Sulla mediterraneità, infatti, la giovane Repubblica italiana, nata nel 1948, costruì ben presto l’idea una propria specificità. In un mondo che andava strutturandosi secondo una direttrice Est/Ovest, alle classi dirigenti italiane sembrò infatti possibile valorizzare invece l’asse Sud/Nord, proponendo l’Italia come ponte, in quanto paese del meridione d’Europa (peraltro unico a godere di una qualche stabilità politica e non essere sotto un regime dittatoriale). Inoltre, in maniera quasi paradossale, mentre gli altri paesi europei e in particolare la Gran Bretagna e la Francia stavano iniziando con non poche difficoltà a fare i conti con la decolonizzazione, l’Italia poteva enfatizzare la propria posizione di paese non più compromesso con vincoli coloniali.
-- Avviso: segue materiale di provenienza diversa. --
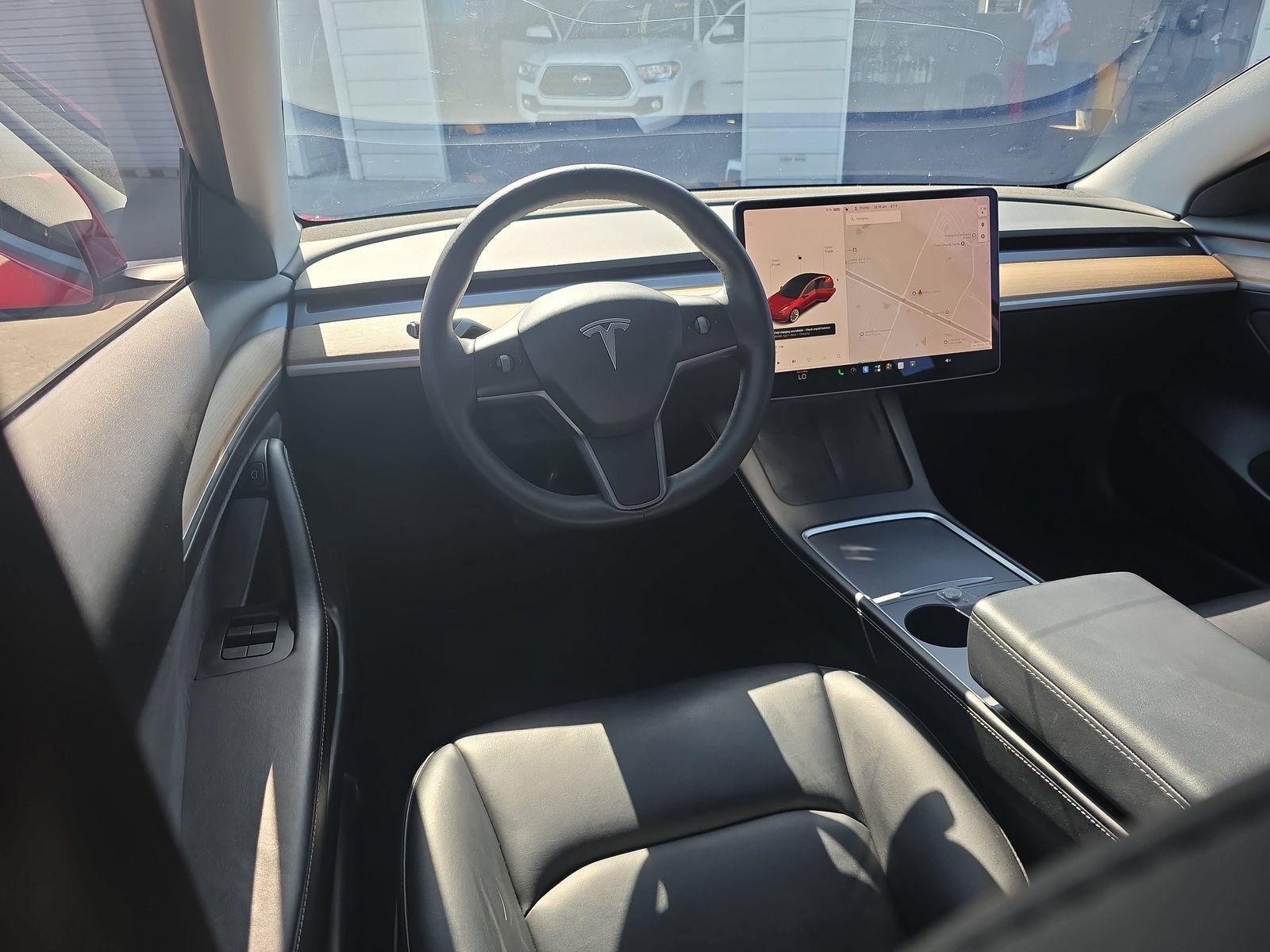 Used 2021 Tesla Model 3 Long Range AWD/4WD image 13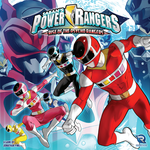 5618921 Power Rangers: Heroes of the Grid -- Rise of the Psycho Rangers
Sono diversi i terreni su cui può essere verificata la centralità del Mediterraneo per la ridefinizione internazionale dell’Italia tra gli anni ’50 e i primi ’60. Tra questi ci sono ad esempio i “Colloqui Mediterranei”, organizzati dal 1958 da Giorgio La Pira (democristiano, membro dell’Assemblea Costituente, sindaco di Firenze dal 1951 al 1965). Se ufficialmente l’obiettivo dei colloqui era ricercare le comuni radici culturali tra i popoli del Mediterraneo, gli incontri svolgevano la funzione di una diplomazia informale. Il Mediterraneo era visto da La Pira come lo spazio della ricomposizione dei conflitti; l’Italia nel Mediterraneo come una mediatrice tra i due blocchi; e come interlocutrice dei paesi non allineati[4].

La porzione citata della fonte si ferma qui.